Click for details of a Texas meet up!! 

All others invited too of course, come visit the country of Texas!!!    :mrgreen:


----------



## LittleMan (Aug 8, 2005)

mountainlander said:
			
		

> Mods, forgive the interlink please.  I for one rarely go into the Meet Up forum, but....


Thanks for the interlink... I never visit that section.... lol


----------



## Chase (Aug 8, 2005)

Well...usually I'd play forum cop and delete this one lol: jk), but since I may be interested in attending, I guess I can let it slide! :mrgreen:


----------



## Nikon Fan (Aug 8, 2005)

:shock: Texas sucks  That should do wonders for my rep :rofl:


----------



## ShutteredEye (Aug 8, 2005)

> You must spread some Reputation around before giving it to eromallagadnama again.



Damnit!! :mrgreen:


----------



## MDowdey (Aug 8, 2005)

- rep points.


----------



## LittleMan (Aug 8, 2005)

eromallagadnama said:
			
		

> :shock: Texas sucks


----------



## Artemis (Aug 8, 2005)

NOT SALLY! LittleMan NOT SALLY!

Amanda has a point...

(thinks what he looks like in red)


----------



## Nikon Fan (Aug 8, 2005)

Crazy texans and their crazy guns  





I'm really asking for a beating


----------



## Artemis (Aug 8, 2005)

Yeh, I mean....all those weapons...bah...texans...who needs em? 

(If amandas gonna go down, im, goin with her)


----------



## Nikon Fan (Aug 8, 2005)

Arty, you should get out while you can...you're still in the green


----------



## Artemis (Aug 8, 2005)

eromallagadnama said:
			
		

> Arty, you should get out while you can...you're still in the green



But red brings out my eyes!


----------



## Corry (Aug 8, 2005)

S'all good.
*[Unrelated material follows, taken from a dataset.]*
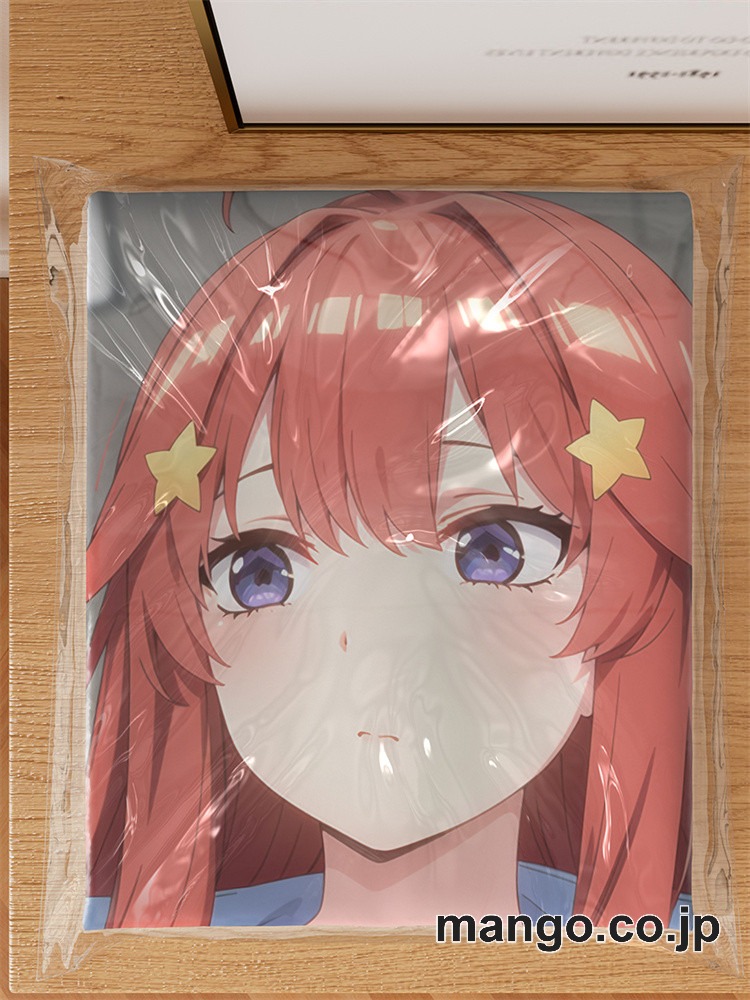抱き枕カバー  オリジナル   アニメ キャラクター 【五等分の花嫁】中野五月 小型クッション キャラクターグッズ PVC製 コレクション用 3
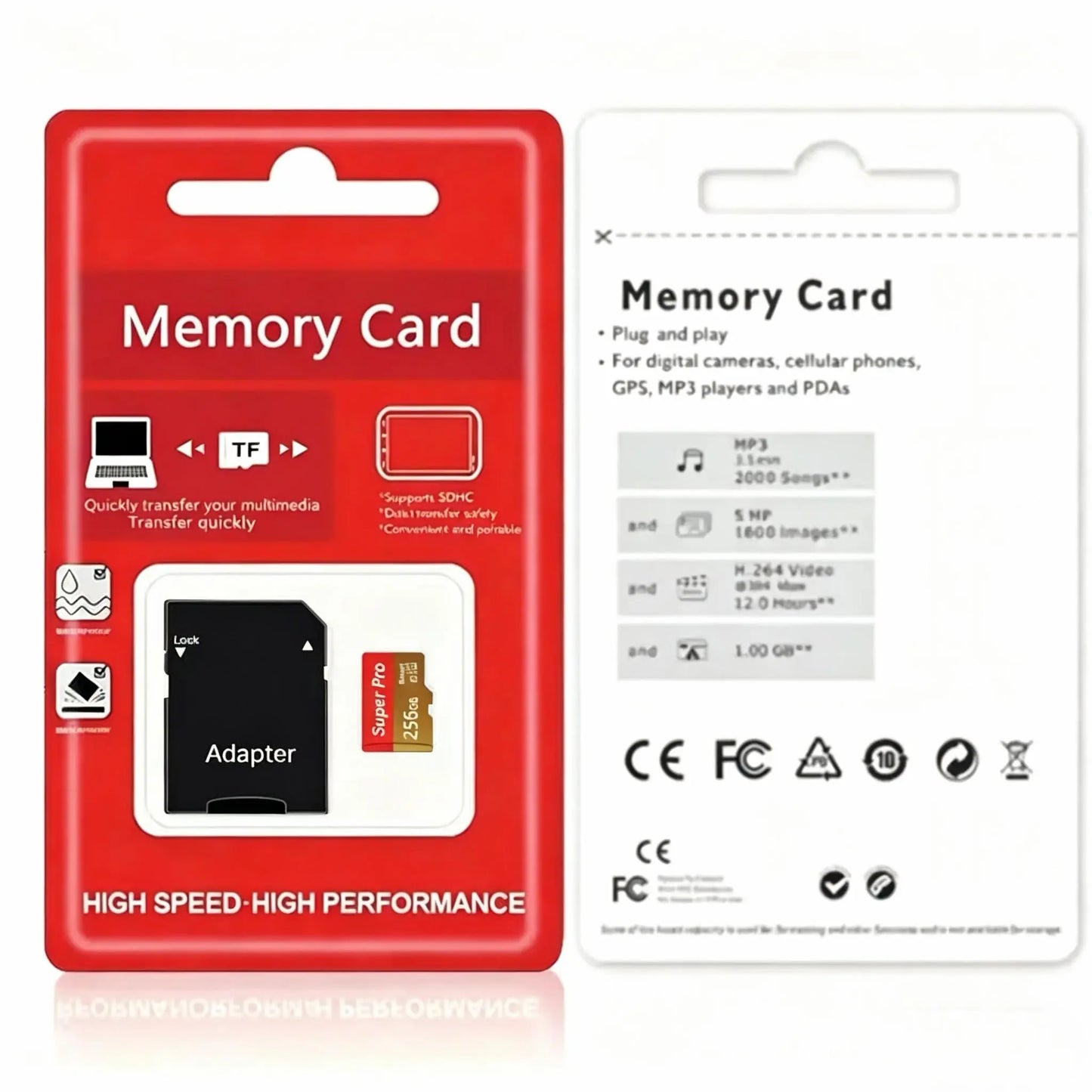 2-Pack 1TB Micro SD Card Memory Card Bundle - High Speed A2 Class 10 U3 V30 Performance, Universal Storage Expansion with SD Adapter for Phone Tablet Camera GPS Switch#Summervibes！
I'll help him STAY in the green!


----------



## LittleMan (Aug 8, 2005)

Man, y'all are really asking for it... 
Just don't go in THE hill country, they really will shoot you.
Out here you just gotta worry about the sheriffs shooting you.


----------



## Nikon Fan (Aug 8, 2005)

The only thing worse than Texas is Tennesse  I've determined that's where the word "hick" originated!!! 

I've been thinking of making some bumper stickers "everything is bigger in Texas, especially our egos"


----------



## ShutteredEye (Aug 8, 2005)

eromallagadnama said:
			
		

> The only thing worse than Texas is Tennesse  I've determined that's where the word "hick" originated!!!
> 
> I've been thinking of making some bumper stickers "everything is bigger in Texas, especially our egos"



How is that state you're from pronounced again?  Missouri, Mizz-er-ree?  Misery?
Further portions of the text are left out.